経済指標とは
経済指標とは、政府機関や中央銀行、研究機関などが発表する、経済の状態や企業や家庭の活動状況を示す数字やデータのことです。
発表前に予想されたデータと実際に発表されたデータを照らし合わせて、
多くの投資家やトレーダーたちが、取引をするので、発表後は特に相場が、
大きく変動する可能性があります。
FXをする上で、避けては通れない重要な情報となるので、
特に重要な指標を対応通貨別にご紹介いたします!
アメリカ(USD)で重要な経済指標
雇用統計
非農業部門雇用者数変化
米国の雇用統計は、毎月第1金曜日に労働省から発表されます。
この統計の中核をなすのが「非農業部門雇用者数の前月比変化」です。
新規に雇用された労働者数が増えれば、個人消費も増える可能性が高まります。個人消費は米国経済を支える主要な原動力なので、この指標はFX市場に大きな影響を与えます。

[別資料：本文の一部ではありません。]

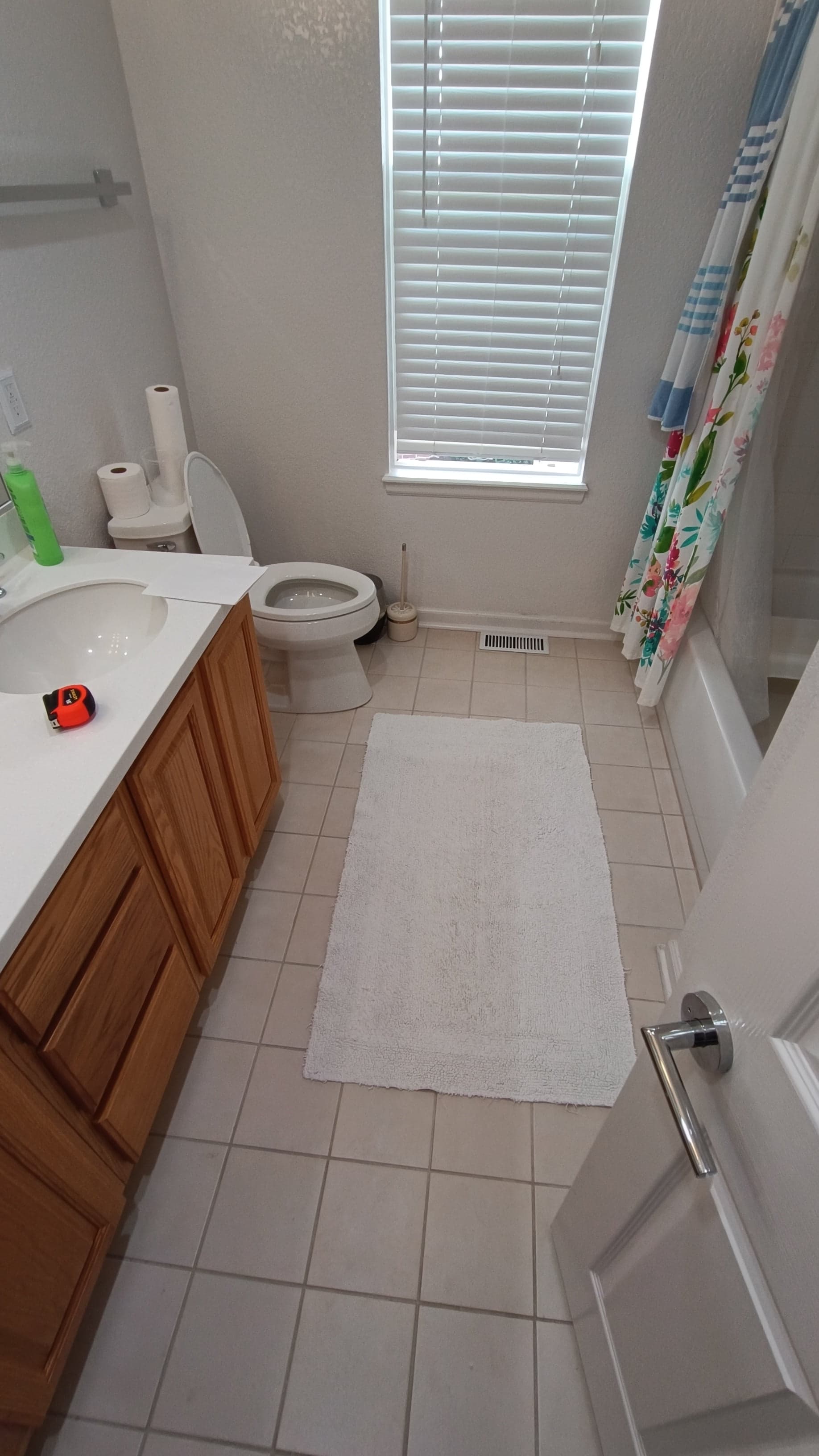 Bathroom remodeling — project photo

予想を上回る雇用者数の増加は、経済が好調に拡大していることを示唆します。その場合、需要インフレ圧力が高まり、FRBは金融引き締め的な政策姿勢を取る公算が大きくなります。したがって、米ドル高が見込まれます。逆に予想を下回れば、景気減速の可能性が高まり、米ドル売り材料となる可能性があります。
失業率
雇用統計の中で発表される失業率も、極めて重要な指標です。
米国の就業可能人口に占める失業者の割合を示すこの数値が低下すれば、経済の好況が継続していることを意味します。逆に失業率が上昇すれば、不況入りのリスクが高まります。

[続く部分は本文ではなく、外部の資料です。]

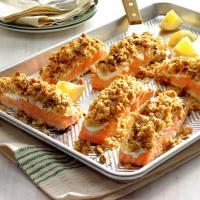 Salmon with Horseradish Pistachio Crust_image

一般的に、失業率が4%を下回ると完全雇用状態にあると見なされます。過度な人手不足は賃金上昇を招き、インフレ圧力が高まるためです。
FRBはこうした状況を警戒し、利上げパス路線に傾きやすくなります。
ADP雇用統計
民間雇用者数の変化
自動データ処理サービス機関ADPが毎月発表する雇用統計は、民間企業の新規雇用動向を速報で示す指標として注目されています。政府の雇用統計に2日先立って発表されるためプレビュー的な位置づけにあり、市場の過度な反応は避けるべきですが、動向を先取りできる点で価値があります。
ADPの雇用者数増減と、翌々日に発表される政府統計の内容が大きくかけ離れた場合、為替相場は調整される可能性があります。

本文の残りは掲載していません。